In a recent post on marriage, I gave a rather lame answer on what advice I would give my pre-married self. You can read about it here.

We all know that marriage is a ton of work. No duh! And. After giving it some serious thought, here's what I should have said...





So. Here's the advice I would have given myself over 13 years ago, before I got married. Marriage takes a lot of hard work and dedication. When things are going well, you can be completely blissfully happy. But when they are not, you can be truly miserable. Am I right, or am I right?

First things first. God must be first. If God is first, then you will never question what the priorities are. With God first, two people come together...honoring, loving and respecting each other.  Every day...make sure you pray for each other, and with each other, and read scriptures from the Bible on how God intended marriage to be. This is truly the most important advice.

Two. Have a vision for your marriage and write it down. Discuss your goals for your marriage with your spouse and write it down on paper. Put it in a place where you can see it everyday to make sure you are working towards your goal. You should have a vision for important areas of your life such as the church, marriage, family, children, health, finances, career, giving back, etc. etc.

Three.  Marriage changes after you have kids. You have to work even harder (are you kidding me? No!) to make each other feel valued and appreciated and not second to the children.

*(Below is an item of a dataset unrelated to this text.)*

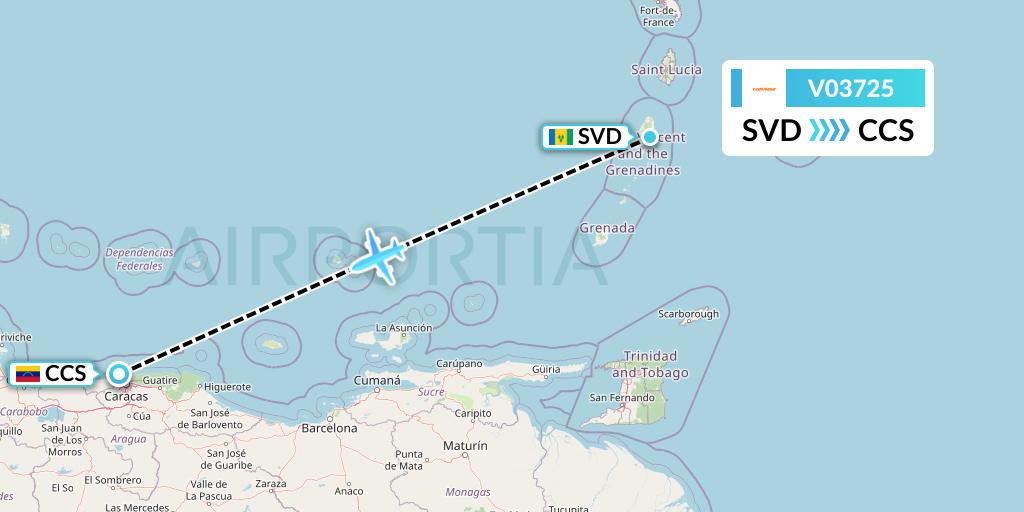V03725 Conviasa Flight Map: Kingstown to Caracas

Four.  Spend time with each other - away from the kids. Have a date night twice a month or at the very least...once a month to re-connect and talk (without being interrupted every second by your children). Am I right, or am I right?

Five.  Have an outlet. Whether it's working out, hanging out with friends, a hobby...whatever...it's important that you never lose yourself and that you still take time to do the things you enjoy. If you're happy as an individual, you'll be happier as a couple.

Six.  Take a trip, just you and your spouse, once in a while. You really need this time to be with each other with no distractions. You owe it to your marriage to devote this time to each other. You will be happier for it. If a trip is impossible because you don't have adequate childcare for a few days, then consider a day trip.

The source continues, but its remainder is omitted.